WHAT TO DO: Starting at the line that contains "Delsey Helium Cruise" and stopping at the line that contains "vidaXL Auvent R&eacute;tractable", restate each line of the records below exactly. Omit the pictures.

------

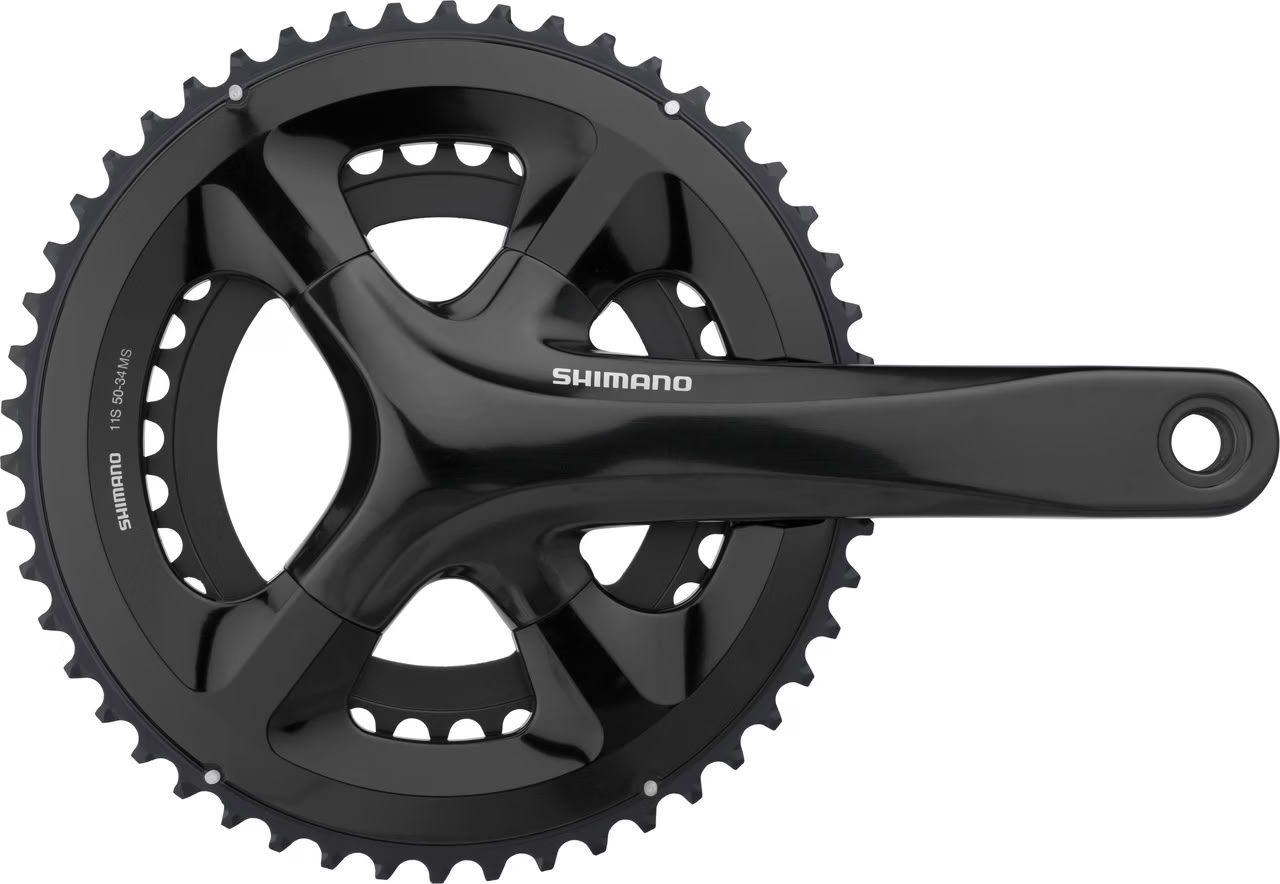 Шатуни Shimano FC-RS510, 172.5мм 52Х36, інтегрована вісь, без каретки фото 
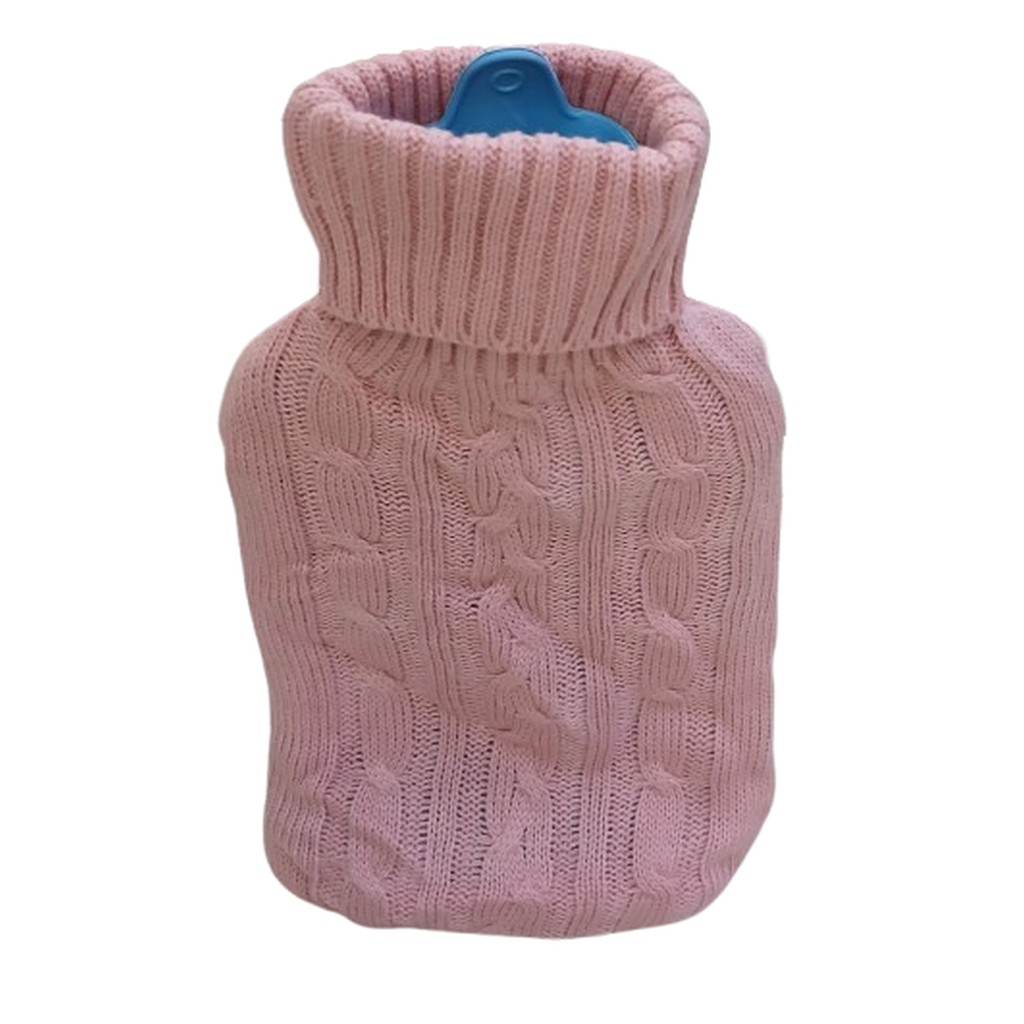 Hot water bottle (Grey & Silver, Design E)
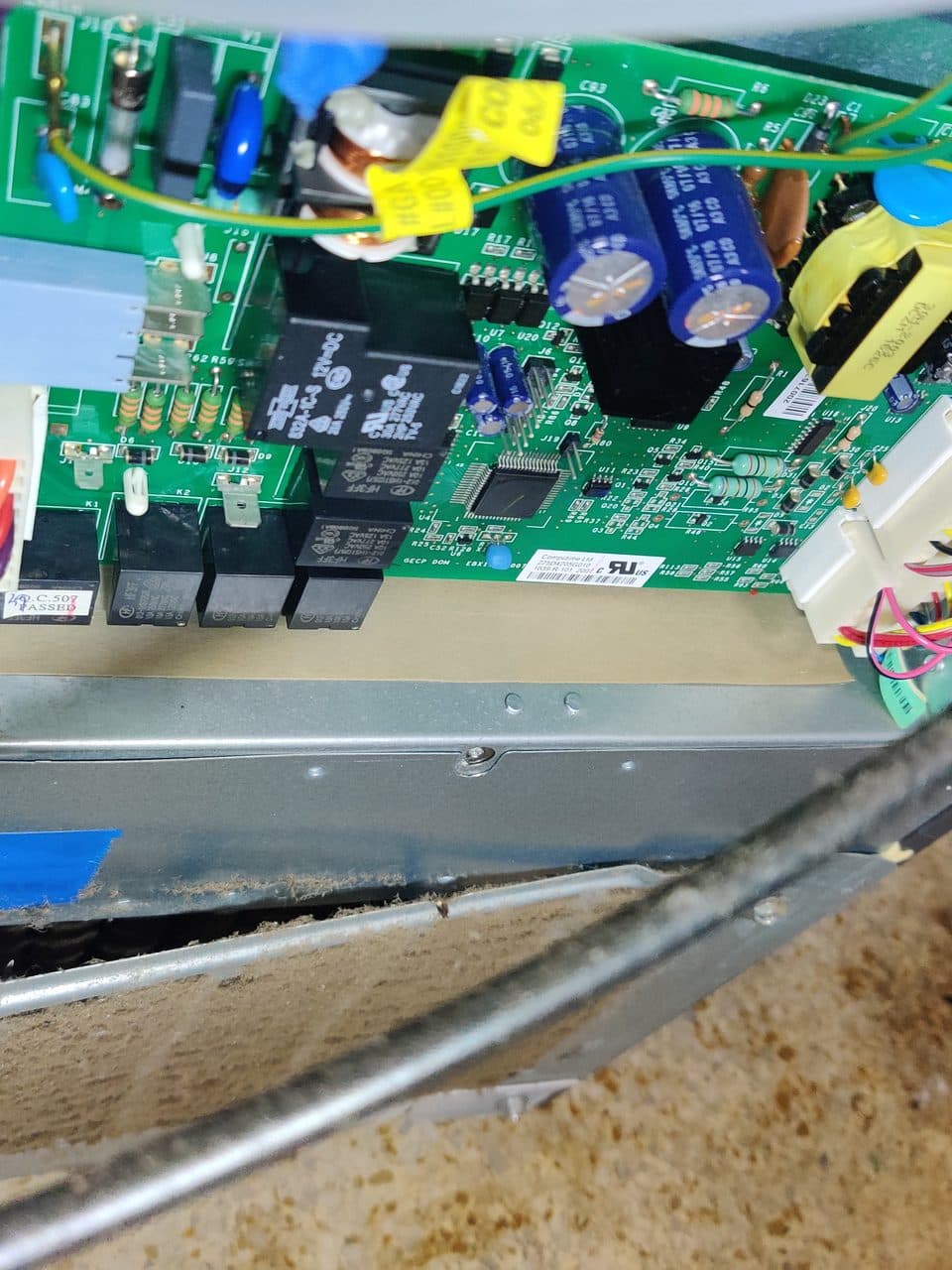 Refrigerator main control board: GE refrigerator, model GNE25JSKBFSS (refrigerator repair in North Miami, FL, August 2026)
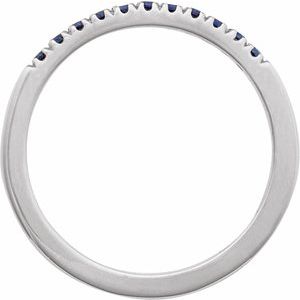 Sterling Silver Natural Blue Sapphire Stackable Ring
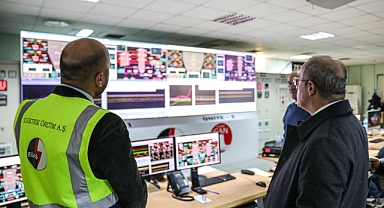 Vali Toraman Çan Termik Santrali inceledi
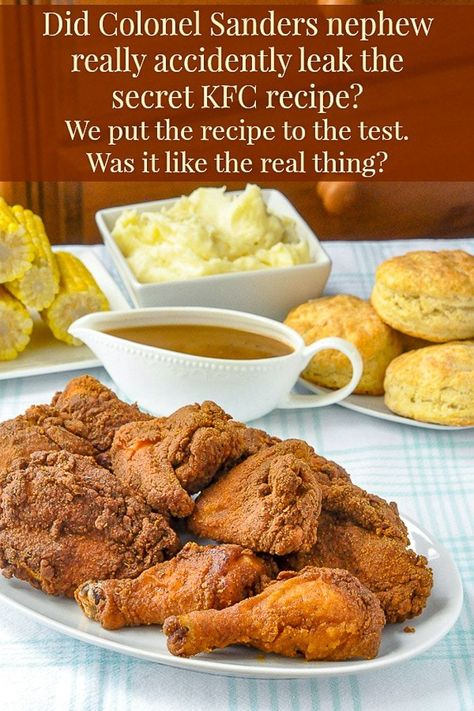 Copycat KFC? Is the "leaked" recipe the real deal? We put the recipe from the now famous Chicago Tribune article to the test and here's what we found! #copycatrecipes #wings #partyfood #gameday #superbowl Kfc Original Recipe, Copycat Kfc, Wing Dings, Chicken Seasoning Recipes, Copycat Food, Kfc Chicken Recipe, Kfc Recipe, Copy Cats, Kfc Chicken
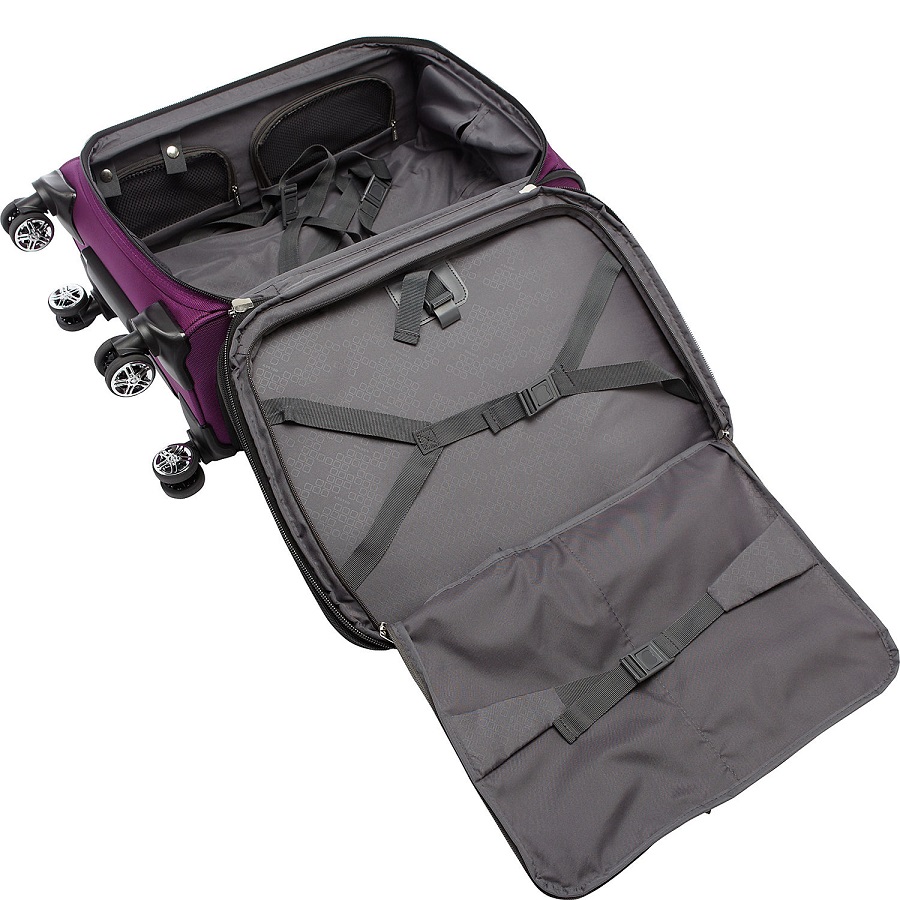 Delsey Helium Cruise Carry On Expandable Spinner Suiter Trolley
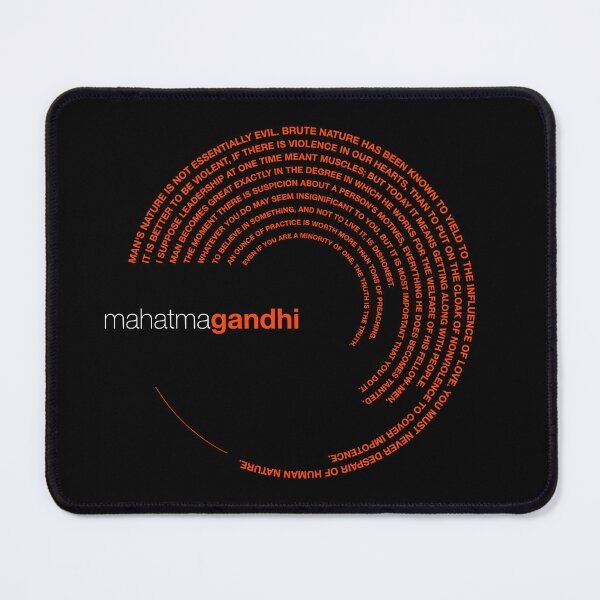 Item preview, Mahatma Gandhi famous quotes poster [orangered] designed and sold by CMYKStudio.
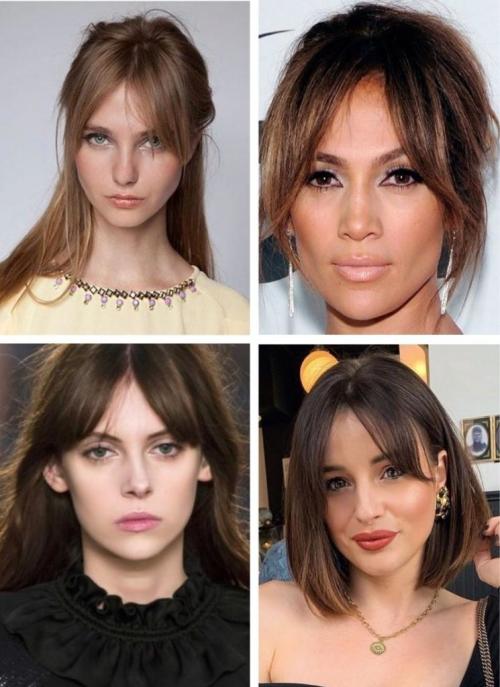Челка прямая 2023. Супермодные челки 2022 на длинные волосы: 10 лучших идей стилистов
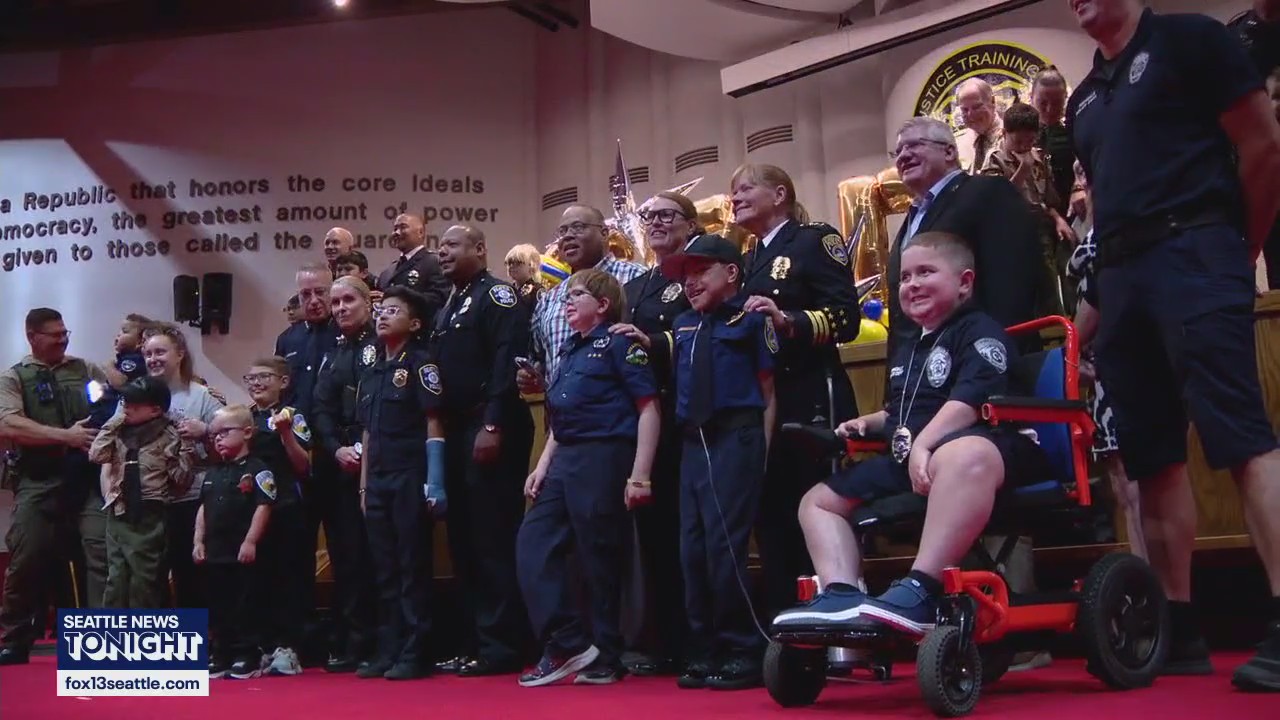 Washington kids become Chief for a Day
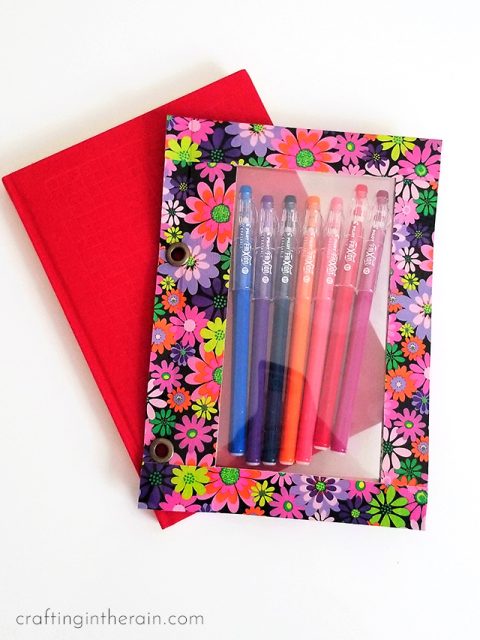 Diy clear plastic pencil pouch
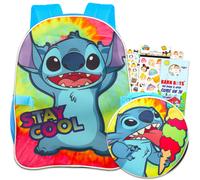 Disney Lilo and Stitch Backpack and Lunch Bag Set - Bundle with Lilo Backpack, Lunch Box, and Water Bottle Plus Stickers and More (Lilo and Stitch School Supplies)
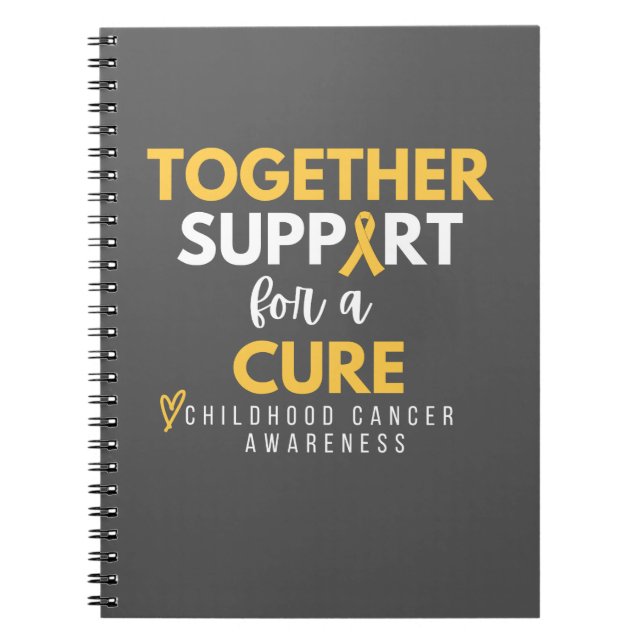 together support cure cancer Spiral Notebook (Front)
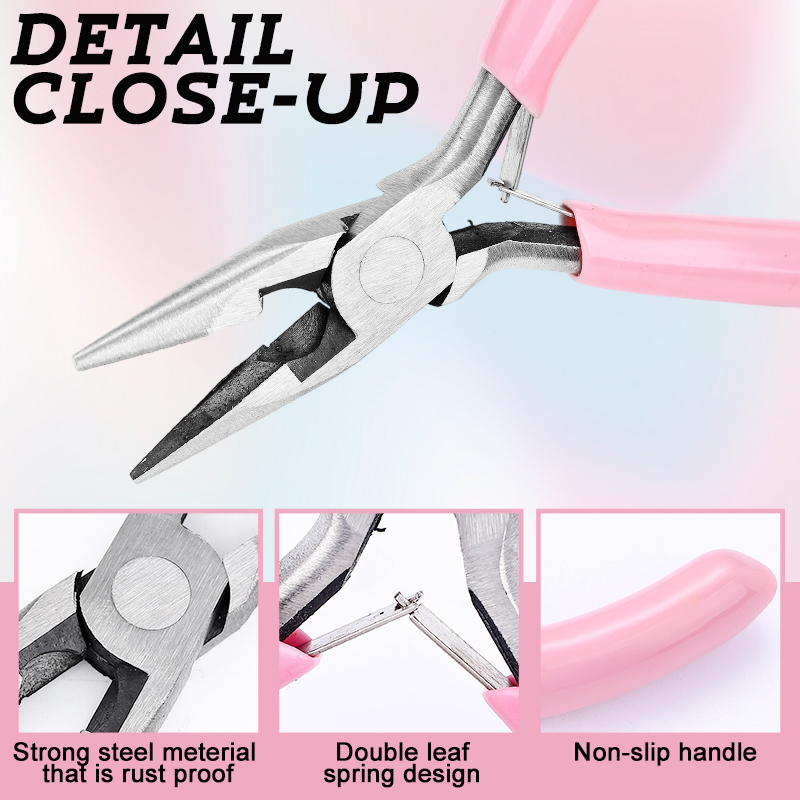 Juego de mini alicates para jo - Jewelry Making Round Nose Pliers reseña y precio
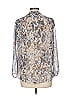 Veronica M. 100% Polyester Silver 3/4 Sleeve Blouse Size L - photo 2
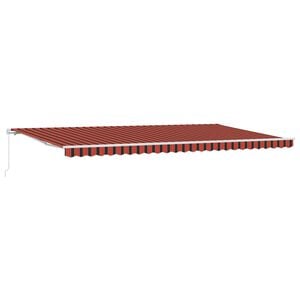 vidaXL Auvent R&eacute;tractable Orange et marron 600 &times; 350 cm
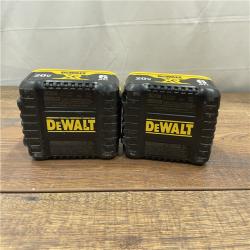 AS-IS DEWALT DCB206-2 6.0Ah 20V MAX Battery (2 Pack)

------

OUTPUT FOR THIS TASK:
 Delsey Helium Cruise Carry On Expandable Spinner Suiter Trolley
 Item preview, Mahatma Gandhi famous quotes poster [orangered] designed and sold by CMYKStudio.
Челка прямая 2023. Супермодные челки 2022 на длинные волосы: 10 лучших идей стилистов
 Washington kids become Chief for a Day
 Diy clear plastic pencil pouch
 Disney Lilo and Stitch Backpack and Lunch Bag Set - Bundle with Lilo Backpack, Lunch Box, and Water Bottle Plus Stickers and More (Lilo and Stitch School Supplies)
 together support cure cancer Spiral Notebook (Front)
 Juego de mini alicates para jo - Jewelry Making Round Nose Pliers reseña y precio
 Veronica M. 100% Polyester Silver 3/4 Sleeve Blouse Size L - photo 2
 vidaXL Auvent R&eacute;tractable Orange et marron 600 &times; 350 cm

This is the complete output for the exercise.